Its most notable landmark is the Laguindingan Airport, located between Cagayan de Oro and Iligan.

History 
Laguindingan used to be called "Daligdigan" coined from the words "daligdig", meaning trickling water from Soloan Creek, and "digan", a buri plant, which was used by the early settlers as roofing and walling materials. The name later evolved into "Laguindingan" because it is easier to pronounce and has a melodious sound.

The presence of an old Spanish port "Moog" at Punta Sulawan manifest the claim that before the settlers came to Laguindingan, the place was the hideout of robbers, pirates and bandoleros because of the once thick forest cover of the municipality. A brave man named Calixto Caseres together with his family moved in from Alubijid and settled for good. Other settlers followed and soon the place became a thriving community. A number of Cagayan de Oro civilians and government officials hide in Laguindingan during the second world war. Blocking force was established in Laguindingan that let Japanese soldiers to use boat instead going to Iligan. The Philippine Independent Church was the first religious order established in the early community. The religious presence was evidenced by the Chapel erected on the highest promontory now known as Salcedo's Hill. The cross still stand today. The silent witness of the establishment of the now growing town.

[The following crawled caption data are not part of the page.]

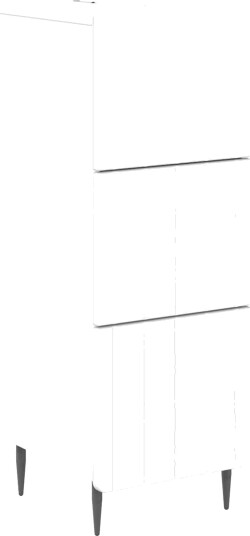 vidaXL Skuffeskap Høgglans hvit 33 x 34,5 x 92 cm Konstruert tre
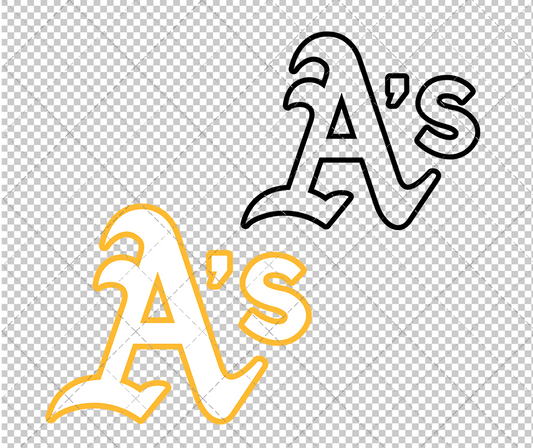 Oakland Athletics Cap 2014, Svg, Dxf, Eps, Png - SvgShopArt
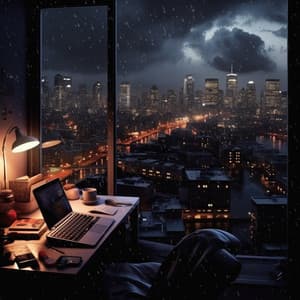 Rainy Productivity: Work Music with Rain Sounds - Waiting Rooms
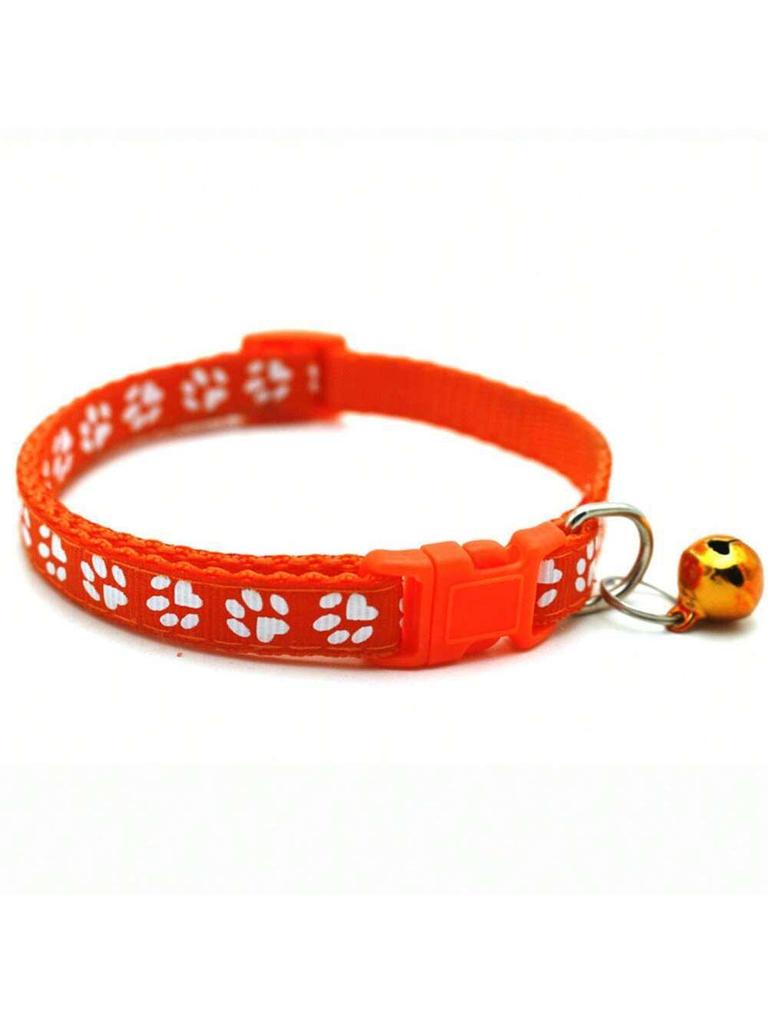 Colorful Pet Leash & Paw Print Collar Set for Dogs and Cats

Laguindingan, was a sitio of Alubijid under the municipality of Cagayan de Oro. The first Barrio Teniente was Mariano Salcedo (from Kauswagan, Cagayan de Oro) which was appointed by the Alcalde de Cagayan. When Alubijid became a municipality, Proceso Pacana became the first Barrio Lieutenant until the end of World War II. Later a move to make Laguindingan a municipality was spearheaded by Glicerio Salcedo (Teniente del Barrio) who became the first Municipal Mayor of the town. The barangays that joined the move for township was known as the Sulawan Block namely: Kibaghot, Sinai, Mauswagon, Moog, Gasi, Aromahon, Tubajon, Sambulawan, Lapad and Liberty. On June 23, 1963, through House Bill No. 5612, President Diosdado Macapagal signed RA 3824, creating the municipality of Laguindingan.

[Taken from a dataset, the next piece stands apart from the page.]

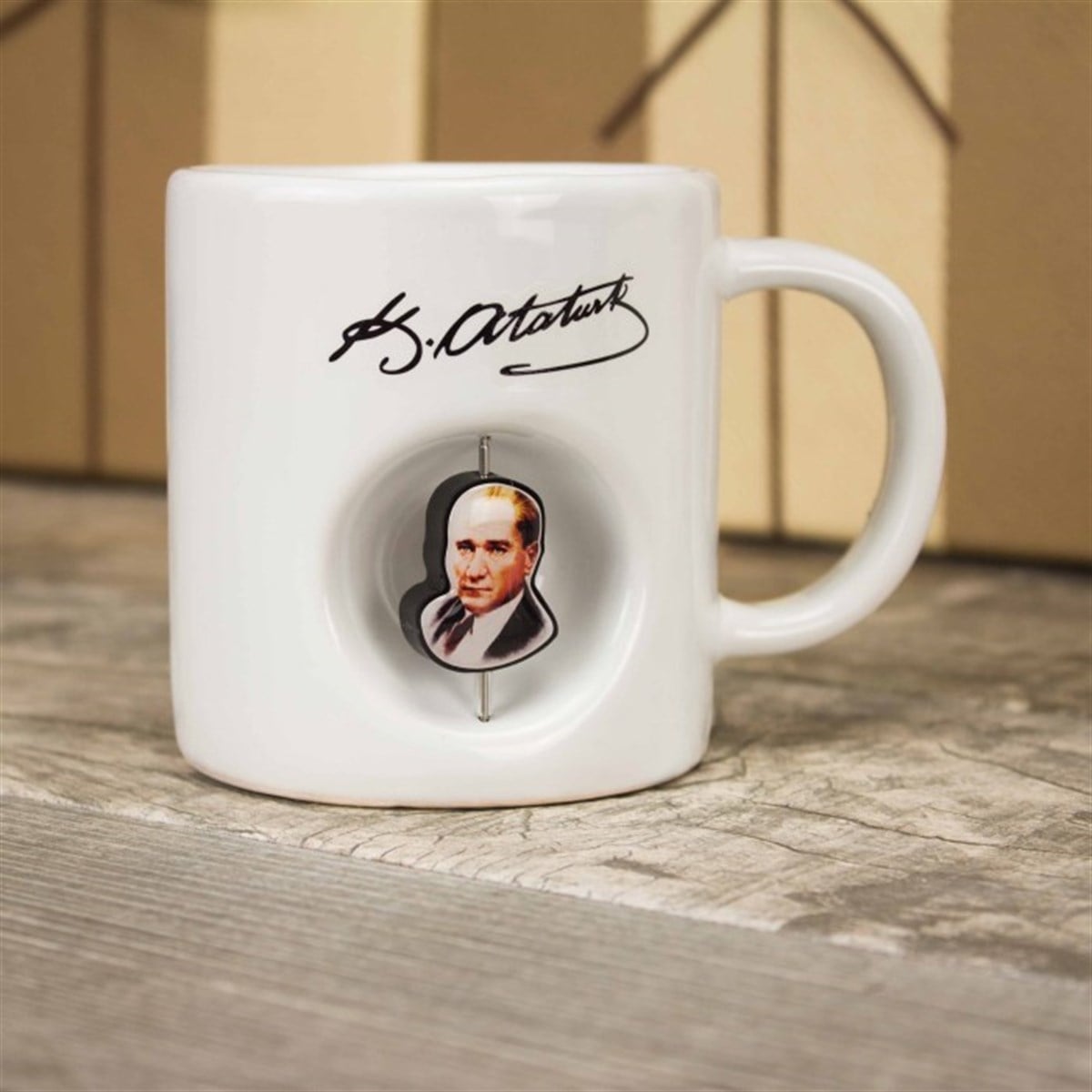 İsme Özel Defter Kalem ve Stres Kupa Bardak Seti - K. Atatürk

Sambulawan derived from the word "Sulawan" because the place is situated on a hill or in Bisaya "ilaya" going up where the sun rises its bright lights is glaring to the eye, thus "Sulaw" in bisaya. The place is also known as a place of "sabungan" or where cock fights are held.

Geography

Barangays
Laguindingan is politically subdivided into 11 barangays.
 Aromahon
 Gasi
 Kibaghot (San Isidro)
 Lapad
 Liberty
 Mauswagon
 Moog
 Poblacion
 Sambulawan
 Sinai
 Tubajon

Climate

Demographics

In the 2020 census, the population of Laguindingan was 26,363 people, with a density of .

Economy 

Laguindingan Misamis Oriental is now the new gateway to Northern Mindanao. It is where the new Laguindingan Airport is located replacing the old Lumbia Airport of Cagayan de Oro. The Cooperative that has a mission or Rural Electrification sits here which is MORESCO-1 Head Office. It has a power distribution franchise for the west part of Misamis Oriental from the towns of Opol to Lugait . It operates in 15 barrios of Cagayan de Oro and the whole town and barangays of Talakag, Bukidnon and portions of barangays in Iligan City. Another growing industry is the hand crafted silk. The Mindanao silk which is woven by members of Ayala Beneficiaries Association Inc., based in Laguindingan, Misamis Oriental affected by the construction of the airport. Today Commercial enterprises is a thriving industry for Heavy Equipment, machinery and transport vehicles merchandise. Lohas Hotel and Moresco lodge are the new tourist inns available. Also beach and swimming pool is another attraction for the local which are located on Mauswagon to Tubajon road side resorts. Another tourist attraction is the Balsa of Laguindingan, the floating cottages that fuel the local economy. It had made the Town the Balsa Capital of Mindanao.

Laguindingan is also well known for its famous sea food every Saturday Market also known as  "Tabu" in bisaya. Here you can buy and eat sea urchins in bottles, sea weeds, sea clams and snails, and the famous cure for arthritis the sea cucumber with the barbecue fish on sticks also known in bisaya as "Tinap-an" and the delicious fish rich in Omega 3 oil also known as " Pinyahun". Fishes from neighboring towns are also brought here for trading.

The common agricultural produce aside from corn or Maize, cassava and copra is the "Finest Tobacco".This has driven the town to progress and its neighboring towns for decades. The tobacco industry before the Airport is also an attraction for Businessmen.

The Saturday market had also made the town famous for the lives stock industry were cows, pigs, chickens and goats were traded. Neighboring towns Alubijid and Libertad had benefited from this trading as well as Cagayan de Oro, where here the Lechonero's get those young pork here.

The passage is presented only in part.